RAPE has always been the most underreported of crimes. Just how underreported became evident last month, when a government-funded study estimated that 683,000 adult women in the United States were raped in 1990. That is more than five times as high as the number of sexual assaults the Justice Department reported.
If the findings of the National Women's Study are accurate, they indicate that more than 12 million women have been raped at least once. Sixty-eight percent were raped by men they knew, a finding that refutes the stranger-in-the-dark stereotype. And an astonishing 61 percent of all rapes occurred before the woman reached the age of 18.
Two highly public trials, one involving William Kennedy Smith, the other Mike Tyson, have put the issue of acquaintance rape in the limelight as never before. But awareness marks only the first step toward solutions. The next steps involve changing attitudes and behavior.
To their credit, a growing number of universities and colleges are introducing programs on acquaintance rape, spelling out appropriate behavior. One of the biggest reasons for date rape, counselors say, is the high level of alcohol consumption on campus.

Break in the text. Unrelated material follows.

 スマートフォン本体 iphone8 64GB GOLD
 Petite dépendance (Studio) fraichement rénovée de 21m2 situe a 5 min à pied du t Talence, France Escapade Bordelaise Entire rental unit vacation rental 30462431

But long before students reach college, parents and others can redouble efforts to strengthen young people's moral values.
Schools can also play a role, although a question arises: As health counselors instruct students about "safe" sex, even distributing condoms, are they missing a chance to encourage students to postpone sexual activity - to develop relationships based on caring and respect, not instant gratification or force?
The so-called sexual revolution fostered the belief that old sexual mores were puritanical - inappropriate in a modern age. But as the statistics on rape indicate, men and women could benefit by returning to some antique ideas they have scorned. They might start with the concept of courtship.
The entertainment industry must bear part of the blame for widespread sexual violence. (One of every eight Hollywood movies depicts a rape scene.)
An old song had the right message, newly appropriate for the '90s: Try a little tenderness.